The former Cardiff Devils and Sheffield Steelers’ coach will be an interested observer when his two old teams meet in South Wales with the trophy up for grabs.
But he was non-committal when it came to picking out who he thinks would win the silverware in a game that’s close to a sell-out.
“Looking ahead to the game, I think the difference could be the ‘lesser’ players and by that I mean, guys with less of a profile without being in any way disrespectful,” Adams said.
“The top players will all take care of each other in a game like that so you’re looking at someone that maybe hasn’t scored a lot of goals that can count on the day.
“The coaches will have the game managed and with the atmosphere, it maybe takes something away from the big players so it could be a case of someone stepping up to put the points up.
“As for who I think will win, my head tells me one team will win and my heart tells me the other team so interpret that any way you want to.”
Adams served as a player and as a coach for both clubs in his career since first coming to the UK as a player for Edinburgh Capitals in the BNL back in 2001.
He spent two years at Steelers between 2003 and 2005 before moving to Cardiff, initially as a player-assistant coach before taking from Ed Patterson.
The 38-year-old left Wales to take over from Doug Christiansen at Steelers in 2014 where he won the play-offs and a league title before his association with them came to an end.
In fact Adams was Steelers’ coach when they lost to Cardiff 2-1 in the 2015 Challenge Cup Final in Sheffield.
But he hopes the Devils have learned from last year when defeat in the final to Nottingham Panthers sparked a slump that saw them miss out on the title and lose in the play-off semi finals.

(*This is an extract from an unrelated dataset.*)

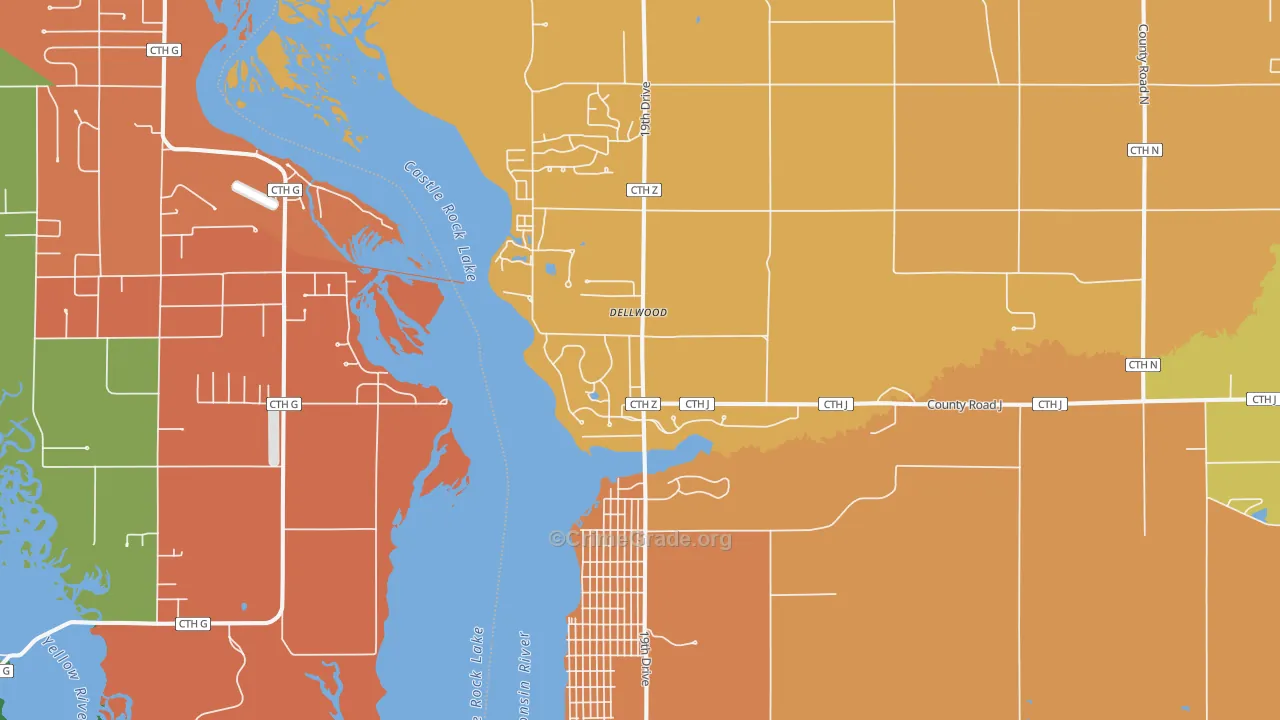 Dellwood, WI Map of Robbery Rates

He added: “It’s certainly a tough one to go out and win the Challenge Cup at this time of year then go on and win two other trophies after that. It’s a delicate situation. Without knowing too much about how they run internally, just looking at their team, hopefully they’ve learned a lot from last season and how things ended for them.
“It’s the old saying in sport, you have to lose before you can win so you would hope the lessons they’ve learned at the games they lost down the stretch last year will pay off.
“Both teams are where they should be with the budgets and the kind of organisations they have. They should be at the top in all competitions so it’s exciting to see them in the Challenge Cup Final.”
It’s been two years since Adams left the Steelers and is still to make a return to coaching, enjoying life in ‘civvy street’, working with Royal Mail.
But he hasn’t ruled out a return any time soon and believes his time away from the game has improved his skills as a coach.
He said: “The thought of me returning is always a possibility. When I left the game, the passion wasn’t really there for me initially.
“But having gone away and had success in another part of my life, I’ve learned a lot about myself and in coaching as well as people and communications.
“I would always be open to returning at some point, but it would definitely have to be the right opportunity.”